Roland was carrying two major long-term projects that had been developing for more than twenty-five years. Both were important. Both were complex. And both had reached a point where intuition and experience alone were no longer enough to move them forward with precision. The work existed, but it was heavy. The material was rich, but difficult to hold as a whole.
What he was looking for was not validation or motivation. It was clarity, structure, and a way to distill decades of material into something coherent, legible, and alive.
What emerged through this work was not speed, but direction. Roland began to see his projects not as endless accumulations, but as narratives with internal logic. This shift allowed him to move forward with confidence, even when the work itself remained unresolved in subject matter.
At the same time, something important was happening beyond the projects themselves. Roland began to internalize a clearer understanding of how the photographic ecosystem functions. How books are built. How exhibitions are shaped. How decisions made in the edit ripple outward into professional opportunities.
Our work together focused on one essential task: cutting through complexity without simplifying the subject itself. Roland’s projects deal with histories that resist resolution. Political violence, borders, chemical warfare, long-term trauma. These are not stories that lend themselves to neat conclusions. The challenge was not to reduce them, but to shape them.
One of the central projects we worked on together was Breathing Borders, a long-term body of work that Roland and I edited collaboratively for his upcoming photo book. The archive was expansive. The themes layered. The risk was dilution. The task was to identify what truly mattered, what carried narrative weight, and what needed to be left behind.
Editing became an act of responsibility.
We worked image by image, sequence by sequence, constantly asking what each photograph contributed to the larger story. Where did it deepen understanding? Where did it repeat? Where did it distract? Roland was already a disciplined photographer, but this process demanded a different kind of rigor. Not production, but decision-making to refine the story.
This understanding became especially visible when Roland independently took on the challenge of transforming Krieg ohne Ende (War Without End) into a large-scale exhibition in Zurich. This project, which documents the long-term consequences of Agent Orange in Vietnam, had been developing since 1999. The material was extensive. The subject devastating. The responsibility immense.
Two months before the opening, Roland received carte blanche from Photobastei for the exhibition. The space was large.

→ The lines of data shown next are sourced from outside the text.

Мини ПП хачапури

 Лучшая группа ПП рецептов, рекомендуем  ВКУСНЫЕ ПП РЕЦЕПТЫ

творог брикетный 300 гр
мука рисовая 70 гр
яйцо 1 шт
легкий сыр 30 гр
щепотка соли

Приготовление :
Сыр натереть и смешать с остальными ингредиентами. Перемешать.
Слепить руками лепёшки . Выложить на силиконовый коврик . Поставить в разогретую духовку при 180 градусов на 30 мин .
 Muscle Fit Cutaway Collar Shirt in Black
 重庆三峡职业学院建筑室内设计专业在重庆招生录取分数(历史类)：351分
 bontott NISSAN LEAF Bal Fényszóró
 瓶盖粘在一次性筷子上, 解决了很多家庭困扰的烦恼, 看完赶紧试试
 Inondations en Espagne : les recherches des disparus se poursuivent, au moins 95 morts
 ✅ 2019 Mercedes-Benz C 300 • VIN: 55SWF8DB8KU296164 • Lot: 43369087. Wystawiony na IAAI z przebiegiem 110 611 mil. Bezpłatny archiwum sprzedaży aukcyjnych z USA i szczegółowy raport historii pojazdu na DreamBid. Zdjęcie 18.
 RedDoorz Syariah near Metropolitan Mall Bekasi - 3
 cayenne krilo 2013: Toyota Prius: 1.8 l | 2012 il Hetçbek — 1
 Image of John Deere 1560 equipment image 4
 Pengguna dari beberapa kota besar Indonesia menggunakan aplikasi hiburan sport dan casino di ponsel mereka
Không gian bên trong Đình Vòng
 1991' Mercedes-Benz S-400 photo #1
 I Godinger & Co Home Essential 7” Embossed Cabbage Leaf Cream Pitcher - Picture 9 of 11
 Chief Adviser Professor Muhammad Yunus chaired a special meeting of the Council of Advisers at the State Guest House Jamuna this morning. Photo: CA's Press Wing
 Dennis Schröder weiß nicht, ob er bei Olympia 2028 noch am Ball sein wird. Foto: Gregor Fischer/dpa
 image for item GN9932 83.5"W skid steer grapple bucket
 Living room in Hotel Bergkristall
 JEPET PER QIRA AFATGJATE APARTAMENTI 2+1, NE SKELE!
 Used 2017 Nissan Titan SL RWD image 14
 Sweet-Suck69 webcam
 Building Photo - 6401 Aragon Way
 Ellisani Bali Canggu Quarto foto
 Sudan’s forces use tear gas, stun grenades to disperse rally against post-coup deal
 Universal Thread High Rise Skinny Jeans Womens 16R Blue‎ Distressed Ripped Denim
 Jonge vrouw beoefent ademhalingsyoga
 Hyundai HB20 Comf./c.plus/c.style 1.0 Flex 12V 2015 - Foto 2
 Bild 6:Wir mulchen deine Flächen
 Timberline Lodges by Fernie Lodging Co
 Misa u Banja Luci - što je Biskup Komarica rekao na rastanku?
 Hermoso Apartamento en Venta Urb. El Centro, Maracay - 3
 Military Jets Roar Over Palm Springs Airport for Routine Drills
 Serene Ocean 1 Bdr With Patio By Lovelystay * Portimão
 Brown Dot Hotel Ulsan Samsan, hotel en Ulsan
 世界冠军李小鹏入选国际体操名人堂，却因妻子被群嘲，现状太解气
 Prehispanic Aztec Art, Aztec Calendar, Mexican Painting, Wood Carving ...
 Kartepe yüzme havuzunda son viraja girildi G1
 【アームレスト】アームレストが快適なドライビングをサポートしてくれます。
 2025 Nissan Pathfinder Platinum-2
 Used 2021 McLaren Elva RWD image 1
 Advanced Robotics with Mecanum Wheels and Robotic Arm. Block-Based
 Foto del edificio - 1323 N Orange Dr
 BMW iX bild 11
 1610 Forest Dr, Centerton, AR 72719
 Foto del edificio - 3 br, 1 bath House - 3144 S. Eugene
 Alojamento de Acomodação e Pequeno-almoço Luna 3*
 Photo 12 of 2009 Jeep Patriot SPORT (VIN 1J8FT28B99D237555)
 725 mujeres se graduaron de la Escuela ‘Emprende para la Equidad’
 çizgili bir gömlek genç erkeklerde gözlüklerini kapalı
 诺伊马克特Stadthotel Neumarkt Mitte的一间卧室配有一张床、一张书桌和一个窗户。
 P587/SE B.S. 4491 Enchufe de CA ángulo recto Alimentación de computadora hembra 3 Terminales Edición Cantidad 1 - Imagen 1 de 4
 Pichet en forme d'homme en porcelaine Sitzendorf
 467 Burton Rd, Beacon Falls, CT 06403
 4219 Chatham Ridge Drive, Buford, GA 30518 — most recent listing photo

The archive not fully edited. The timeline tight. Yet drawing on the editorial discipline developed through our work together, he was able to move decisively.
He edited more than 180 images. He structured the exhibition as a series of interconnected stories, some unfolding almost cinematically. He collaborated closely with journalist Peter Jaeggi on the text and worked alongside photographer Ursula Sprecher on the exhibition design. Sponsorship was secured. The project took form.
What matters here is not speed, but preparedness. Roland did not rely on instinct alone. He relied on a method that allowed him to make clear decisions under pressure. The exhibition stands as one of the most comprehensive presentations of his work to date.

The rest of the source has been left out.